TRY IT:
Could you retype the lines below, starting at the line holding "Teenage boy standing" and stopping at the line holding "Smiling woman in", inclusive? Copy them exactly and drop the images.
═════ INPUT FOR THIS TASK
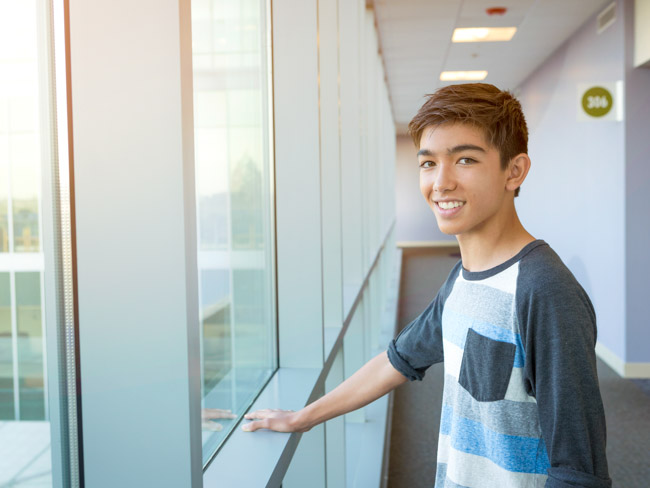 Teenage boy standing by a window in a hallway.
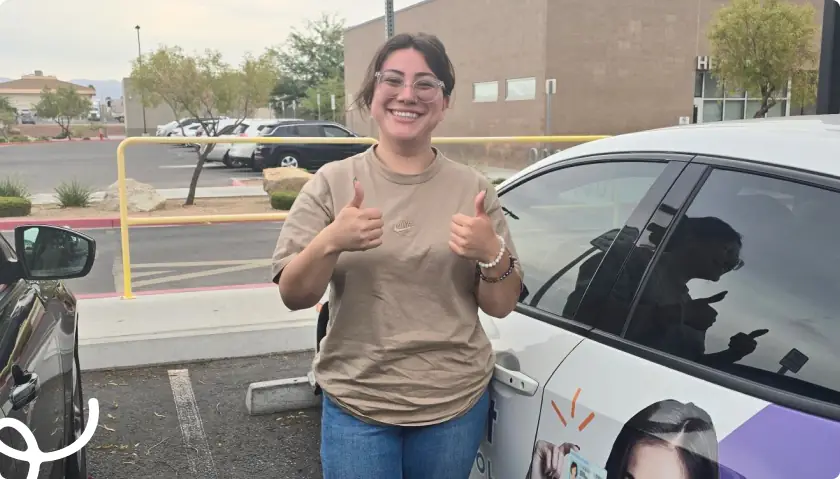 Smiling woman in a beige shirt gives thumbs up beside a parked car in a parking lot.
══════════
═════ INPUT FOR THIS TASK
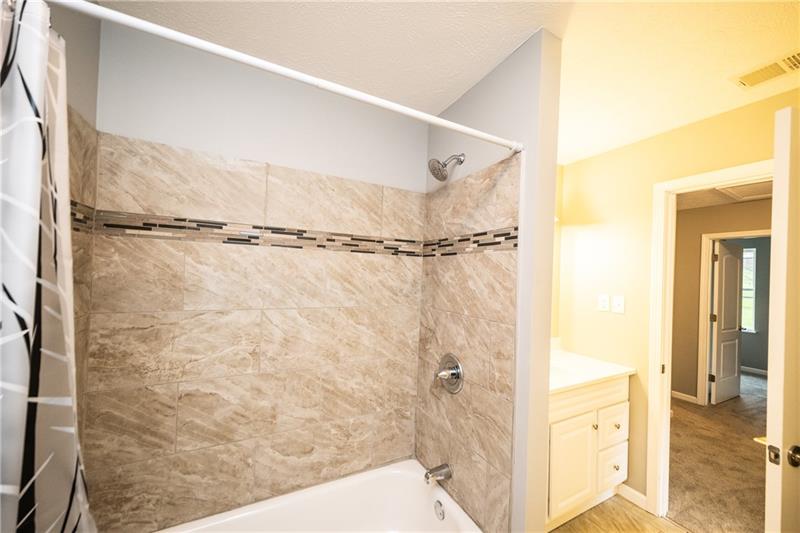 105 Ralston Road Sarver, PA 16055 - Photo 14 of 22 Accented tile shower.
══════════
WRITTEN ANSWER:
 Teenage boy standing by a window in a hallway.
 Smiling woman in a beige shirt gives thumbs up beside a parked car in a parking lot.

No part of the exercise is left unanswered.